Février 2019

PROTOCOLE PLURIPROFESSIONNEL. Insuffisance cardiaque : surveiller, alerter et suivre

Dr Alain Trébucq


Ancienne commune du département de l’Ain aujourd’hui rattachée à la ville d’Ambérieu-en-Bugey, Les Allymes compte, depuis quelques années, un pôle de santé regroupant 36 professionnels des soins primaires.

 

Érigée à la Révolution française, Les Allymes est une ancienne commune du département de l’Ain, éphémère car supprimée en 1794 pour être rattachée à la ville d’Ambérieu-en-Bugey, qui compte aujourd’hui plus de 14 000 habitants. Les Allymes reste cependant un nom attaché à une église et à un château mais aussi, depuis quelques années, à un pôle de santé qui regroupe 36 professionnels des soins primaires du bassin d’Ambérieu-en-Bugey : diététiciennes, infirmier( e)s, masseurs-kinésithérapeutes, médecins généralistes, pédicures-podologues, pharmaciens et sages-femmes. Huit médecins généralistes de ce pôle sont regroupés au sein du groupe médical Les Allymes. Ils étaient encore neuf il y a quelques mois, avant un départ à la retraite de l’un d’entre eux. À défaut d’avoir pu lui trouver un successeur, le remplacement s’est mis en place grâce aux gains de productivité qu’apporte un travail collaboratif. Les 1 400 patients suivis par ce généraliste ont ainsi été repris par les huit autres. L’écueil, c’est la disparition d’une contribution (environ 3 400 euros par mois) au fonctionnement du groupe médical, entraînant le licenciement d’une secrétaire, pourtant essentielle au travail de coordination des soins. Le temps de travail de ces médecins généralistes reste néanmoins sous contrôle, la population pouvant compter sur une importante maison médicale de garde (MMG) au centre de l’organisation de la permanence des soins sur le secteur de la Plaine de l’Ain. Cette MMG permet de consulter un médecin généraliste en semaine (entre 18 heures et minuit), les samedis (de midi à minuit) et les dimanches et jours fériés (entre 8 heures et minuit).

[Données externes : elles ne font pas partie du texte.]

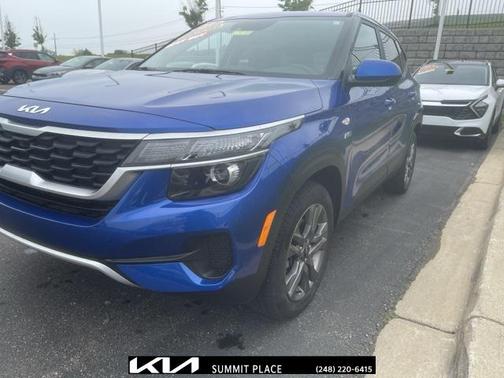 2023 Kia Seltos LX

Pour son système d’information partagé, le pôle de santé a fait appel à la solution Weda, « parce qu’elle est entièrement paramétrable », explique le Dr Olivier Beley, médecin généraliste faisant figure de pionnier tant pour ce pôle de santé que pour la MMG. « Passer d’une pratique individuelle à un exercice pluriprofessionnel coordonné reposant sur un système d’information partagé représente un changement culturel majeur qui nécessite de dépasser ses craintes. Remplir le dossier patient était trop souvent perçu comme une prérogative du médecin, mais cela n’est plus le cas dans un système d’information partagé. En revanche, l’infirmière peut hésiter à franchir le pas et à s’exposer au jugement des autres membres de l’équipe de soins primaires. Mais ces obstacles sont rapidement franchis », estime le Dr Beley, qui constate une évolution marquée de ses propres pratiques professionnelles. Avant de citer l’exemple de la pression artérielle de ses patients hypertendus qu’il ne mesure quasiment plus puisque ces derniers ont pu être éduqués à l’automesure. Des gains de temps médical qui, mis bout à bout, lui ont permis, comme à ses collègues, de reprendre la patientèle du confrère parti à la retraite.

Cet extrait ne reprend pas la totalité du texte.